I'm seriously jonesin' for snack foods. For about 36 hours now I have just NEEDED to eat snack foods: cookies, chips, edamame, popcorn, ice cream, crackers, cheese, all of the above....I don't care. I just desperately have wanted to eat. I mean just sit and eat...for a while, bury myself in food and eat my way out. I'm not hungry. I just want to eat. Last night I tried just sitting down with a snack-sized bag of popcorn to squelch the need. That didn't work, so I headed for the hubbie's cookie dough. Six or eight cookies and a glass of milk should do it! Fortunately, he figured out what I was doing about 3 cookies in, and asked me if I really wanted to do that (not in a bad way) and talked me down from the ledge. For the most part, I am able to do that myself. I look at something and think, "Nope, just not worth it. Seeing 155 would be SO much better." Etc. Etc. But it's just not working these last few days. Being nocturnal such as I am is definitely a disadvantage when I get this way. There really isn't anybody to call at 0300 to say, "Hey, I'm contemplating eating a WHOLE sleeve of cookie dough and drinking a half-gallon of milk. Wanna join me? Stop me? How about just talk to me for a little while and maybe the urge will go away?" So I've rearranged my blog. Did you notice? And now I'm rambling like a friggin' drunk. But as long as I'm typing, I'm not eating. It's gonna be a long night. :)
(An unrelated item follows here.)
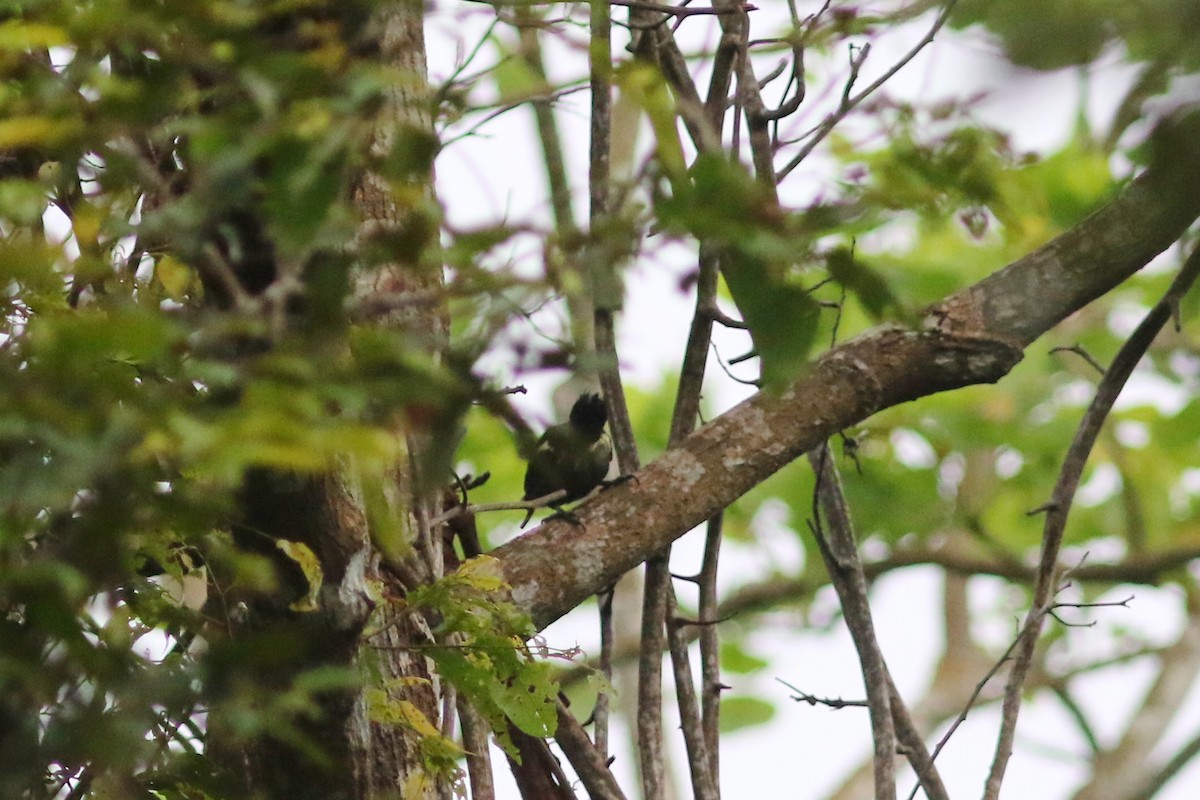 Heart-spotted Woodpecker - ML637823030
WORKOUTS: Nothing today. It was an off day. But I did figure out what's making my knees angry...my work shoes. So I've gotta find some more while I'm off next week.
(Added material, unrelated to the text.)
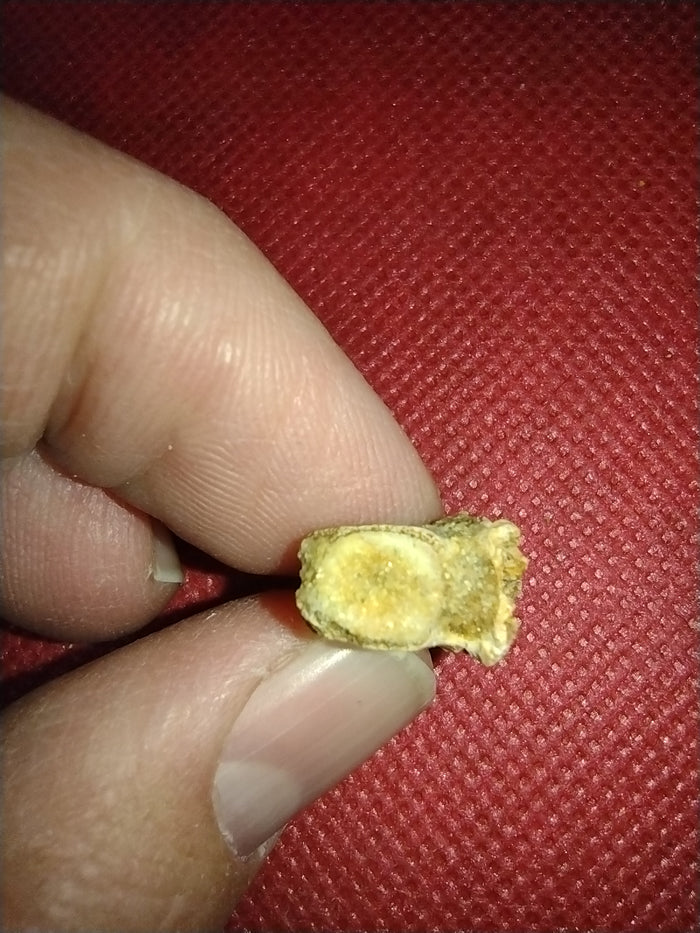 Abelisaur Tail Vertebrae, Kem Kem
AMAP Double 12kg C&P then rows in 15 min. My number for this was low for some reason. I went over a couple minutes so I could at least get the same number of reps I did last time.
Then...5 rounds of 1 min 12kg Snatch R/1 min L/ 1 min rest.
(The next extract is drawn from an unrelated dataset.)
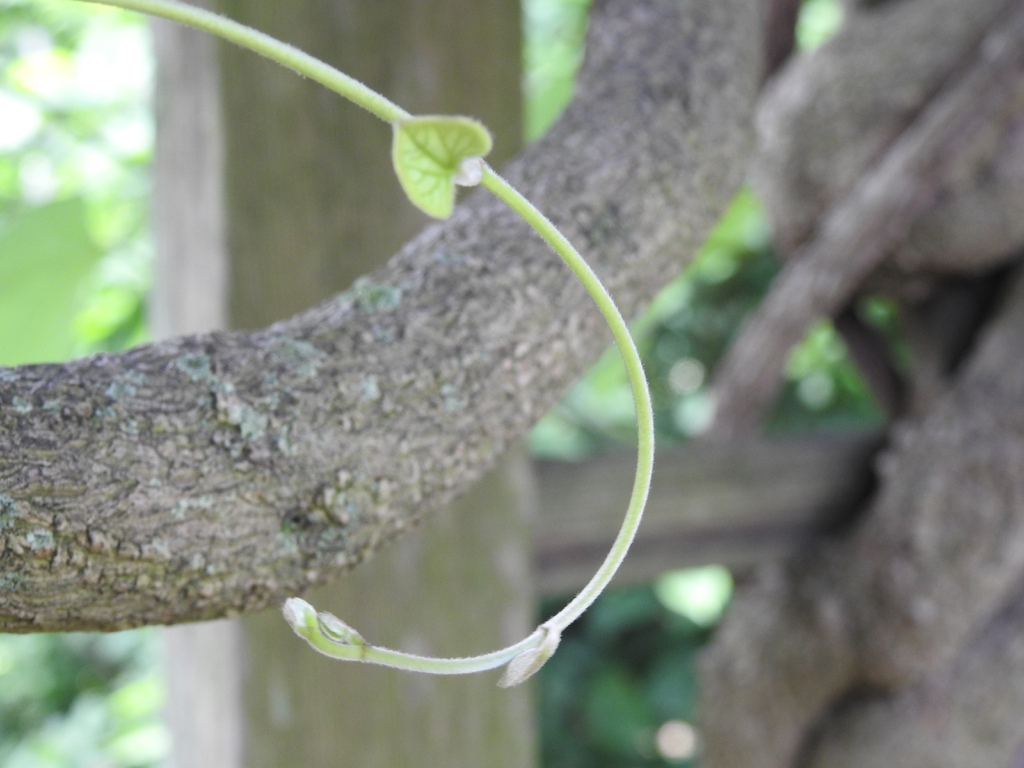 Aristolochia tomentosa newleaf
Did some grip re-training on this because of my karmic blister, and I actually decided a little blister every now and then keeps us in line.
Day 3 week 1 of hundred pushups.
5 sets of :
16kg row R x 30 sec
L x 30 sec
push-up x 30 sec
plank x 30 sec
rest x 30 sec
16kg reverse lunge R x 30 sec
16kg reverse lunge L x 30 sec
rest 30 sec
12 sets of 5 double 12kg snatch--first of each set started from a dead start.